Taming the ‘Wild West’ of free software
The district has also worked to pare down the jumble of software programs teachers adopted when Rockford quickly pivoted to digital learning. Many companies made their programs free at the beginning of the pandemic and teachers across the country took advantage of those offers. But some of programs teachers tried weren’t aligned to Rockford’s curriculum. And some teachers didn’t realize the district could be liable if student data wasn’t properly protected.
“It was the Wild West,” said Jason Barthel, the district’s chief information officer. “It’s no fault of the teachers by any means. They’re gonna use what they can to make sure that they’re able to teach effectively to their students.”
The problem was that the district didn’t have a defined process for approving new digital tools. “There was an assumption that I can just, you know, bring this to my classroom, and I can do it or bring it to my principal and my principal can approve it,” Barthel said.
Rockford worked to help teachers better understand laws governing student data, in part because Illinois recently overhauled its privacy legislation. And it revamped the process for choosing digital programs, accelerating work begun back in 2018.
Teachers were told, “if you’re going to use a software, it needs to be aligned with curriculum, it needs to be approved and accessible. From an IT perspective, we [need] to know where the student data is going. We were able to really, really take [out] a lot of these free apps that we didn’t even know were being used,” Barthel said.
Instead, the district has concentrated on a few tools that Uram and her team have vetted. That helps the district provide more-focused professional development and collect data to see if the programs are working as they hope.
Other districts are grappling with the same challenges. Before the pandemic, only about half the students in Kentucky’s Jefferson County School District, which includes Louisville, had a device assigned to them.

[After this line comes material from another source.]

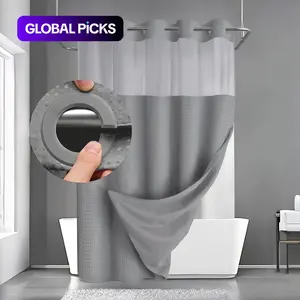 Waffle-Pattern Shower Curtain, Modern WaterproofBathroom Curtain, Shower Essentials, Bathroom Accessoryfor Home, Hotel, Salon & Dormitory Decor #GLOBALPICKS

Principals had a lot of discretion when it came to how much laptops and tablets figured into teaching and learning. Some schools were 1-to-1. In others, students used technology primarily in the computer lab.
Now the district has gone 1-to-1 for every school, buying about 76,000 devices and 12,000 hotspots, largely with help from federal funding.
William Pierce, the district’s executive administrator of digital innovation and program management, is far more consumed with making sure that teachers are prepared to make good use of the devices than he is about how the district will find money to replace them once they wear out.
“I think the easy part is getting devices. I don’t think that’s hard,” Pierce said. “The thing that keeps me up [at night] is: What are we doing to support our teachers in understanding how to teach with technology, how to integrate technology within their own world?”
Students need help understanding how to use new technologies to learn academic material
And even though many students had lots of experience with new technologies and some probably spent half their days on Snapchat or playing Fortnite, students didn’t immediately grasp how new laptops and tablets could help them learn, Pierce said.
Given the urgency to start virtual schooling, “a majority of our students were effectively handed a Chromebook and told, ‘Hey, go learn with this,” he said.
Now, the district is launching a new digital citizenship curriculum that will cover questions such as: How do you take care of a device? How do you use it appropriately?
In Rockford, Uram and her colleagues are using a similar strategy, creating a curriculum that gives teachers a sense of what students at each level should master when it comes to technology. For instance, should a 3rd grader with a Chromebook understand how to copy and paste an image? What should 2nd graders know about publishing an e-book? How do you explain to students that they can’t just copy text from a website, plop it into an assignment, and consider it their own work?
“You can’t just say, ‘Oh, well, they’re digital natives. They know how to do it,’” Umar said. “We have to be a little more mindful.”